As all this happens, the picture’s theme song, a country tune from Sturgill Simpson, plays as relentlessly as “You Put A Spell On Me” did in Stranger than Paradise! Simpson himself is discussed so much that I thought he was going to somehow turn out to be responsible for the whole disaster! Meanwhile my pal Tom Waits, well known from Wolfen, lurks in the woods; otherworldly town coroner Tilda Swinton, from The Grand Budapest Hotel, gives zombie heads the chop with her katana; and Danny Glover plays the poor soul who finds a couple of ladies who’ve been gruesomely eaten to death by Iggy Pop and Sara Driver! Meanwhile Steve Buscemi plays a racist, boneheaded redneck, and for his sins catches quite a biting!
Something about the picture seemed comfortably familiar as it went on in its rambling, shambling, small-town way, with its homely non-characters and chonky mise-en-scene; and finally it hit me: I was watching nothing more or less than a big-budget Bill Rebane picture, or an unusually star-studded Don Dohler joint! It was Invasion From Inner Earth or Fiend writ large and played by pros, ha ha! And once I made this observation, I began enjoying the picture a lot more!
It’s true that the movie works a little too hard at irony and not at all at horror, and that Jarmusch appears to have no interest in scaring people and no discernable ability to either! There’s some bloody stuff though, and the director seems to have had fun with some of the gore gags, which is nice; but the head-choppings, with their spumes of dust released from the zombie bodies, get a mite repetitive! On the other hand, RZA from Due Date shows up at a comic shop to drop a bit of wisdom, something like “The world is perfect, pay attention to the details!” At that moment I noticed some of the background set dressing included a small poster for that greatest of pictures, The Thing! And I realized that RZA was correct, and that this was the best way to approach the movie itself! That revelation, too, led to greater enjoyment!
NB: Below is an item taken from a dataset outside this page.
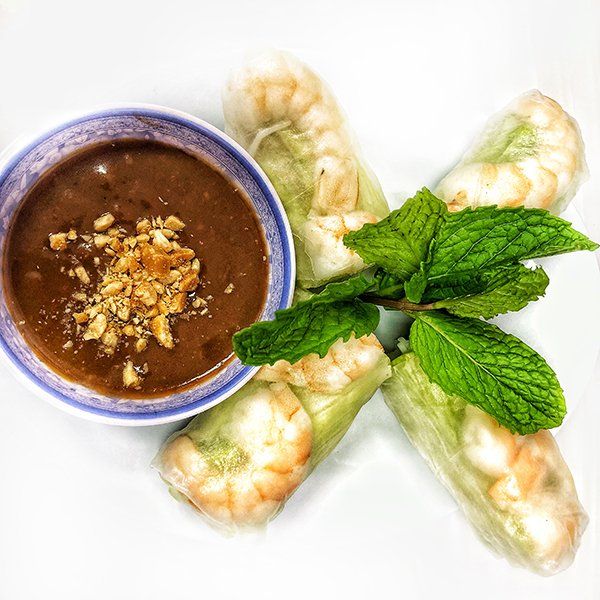 A bowl of dipping sauce next to some shrimp rolls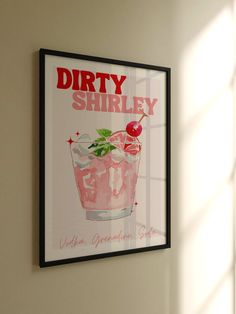 a framed poster hangs on the wall next to a window that reads dirty shirley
And all this leads me to my final point, one I hinted at in the first paragraph: while it’s obvious that Jarmusch made this picture more because he could than because he wanted to, and true too that his satire is mostly broad and shopworn, sold in bulk at the Monroeville Mall some forty years ago, and that his fourth wall-breaking is lame, he didn’t waste the opportunity for a little sharp self-criticism! I mean, after all, though almost everyone else turns, we never get to see Murray or Driver in zombiefied form, and this I believe is because Jarmusch was worried we might think we’d accidentally started watching Broken Flowers or Paterson instead of The Dead Don’t Die! Jarmusch is no dummy; he knows the score! Ha ha! So while this is very much Jarmusch Lite, a half-baked comic book adaptation of his usual fare, I’m still going to give it two and a half Cleveland hipsters, which is how many there are by the end of the picture! Ha ha!